Saving my usual series of where the parties stand analysis for next week, for now I want to do a short series of head dumps on the election.

First, that tough (and very dirty) battle for South Belfast.

There was a number of factors in this seat that made it hard to predict. When the DUP selected Junior Minister Jonathan Bell I thought it was a good choice. I still do.

His problem in getting ahead of Alasdair McDonnell was twofold.

One, incumbency has big advantages on recognition and likelihood of victory. And two, beyond Alliance, only the SDLP register statistically significant levels of cross community support.

A vigorous campaign by Sinn Fein’s Mairtin O’Muilleoir appeared to give Bell a leg up, by stealing a few bricks from the base of McDonnell’s nationalist vote pile.

But the whole electorate was highly fragmented.

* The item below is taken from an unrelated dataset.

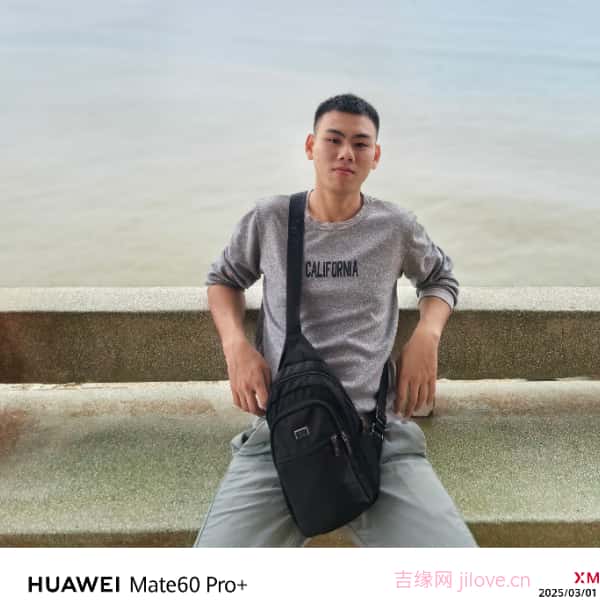 永新征婚相亲网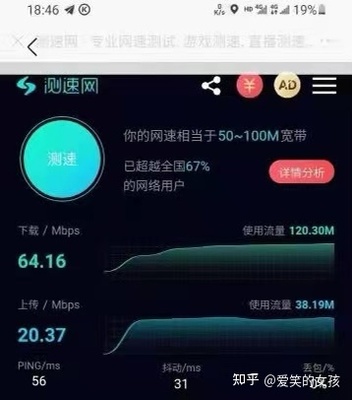 纯流量卡推荐?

Specifically Bell had to get past three candidates to build his Jenga brick tower of votes higher than McDonnell’s.

Rodney McCune of the UUP, Bob Stoker now of UKIP who kept hold of a large chunk of the Village, and the Alliance party candidate Paula Bradshaw, the latter two both past UUP candidates here.

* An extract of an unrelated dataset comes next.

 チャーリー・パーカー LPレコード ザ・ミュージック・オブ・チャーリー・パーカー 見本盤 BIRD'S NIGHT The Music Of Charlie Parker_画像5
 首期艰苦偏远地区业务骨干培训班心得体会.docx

By the nature of the constituency (it is largely mixed and middle class with some working class loyalist clustering in The Village, Sandy Row and Taughmonagh) it was like scruming for votes in a thick mist.

The most puzzling aspect from the beginning was Sinn Fein’s apparent certainty that it could take the seat from McDonnell. So puzzled were we here at Slugger that we asked Salmon of Data to crunch the numbers.

His conclusion was unequivocal:

It is very difficult to imagine a path to Sinn Féin winning South Belfast. Essentially they are hoping for a Lazarus-like recovery of the UUP, and complete collapse of support for a sitting SDLP MP.

What he could achieve, certainly, is to do well enough to hand the seat to the DUP.

It is doubtful that too many tears would be shed at the decapitation of their electoral opponents, and it tempting to surmise that this the real reason behind running one of their most popular candidates in the constituency.

Oddly, given at times the wild optimism of Mairtin’s campaign, there was little sign of any SDLP collapse in South Belfast or anywhere else.

And yet O’Muilleoir pushed this scenario right up to twelve o’clock on polling day when he tweeted this message on his own Vine…

At first I thought it was a just piece of fun, but watching it now it seems he was serious. He later called it his ‘positive strategy’, although in reality it smacked a little more of desperation than genuine political confidence.

With just over six thousand votes between seventh placed Bob Stoker and the SDLP poll topper, O’Muilleoir found himself in the lower end of that range in fourth place.

Some pundits are writing this down as the lowest total ever gained by a winning MP. But that’s a lazy analysis which belies what was a very tough and attritional battle.

In the process McDonnell, who is certainly not the slickest or most sure footed of Northern Ireland’s politicians, has proven himself one of Northern Ireland’s toughest.

In the ‘dirty peace’ of Northern Ireland, that toughness will need to be replicated across the party if a viable future for the SDLP is to be secured.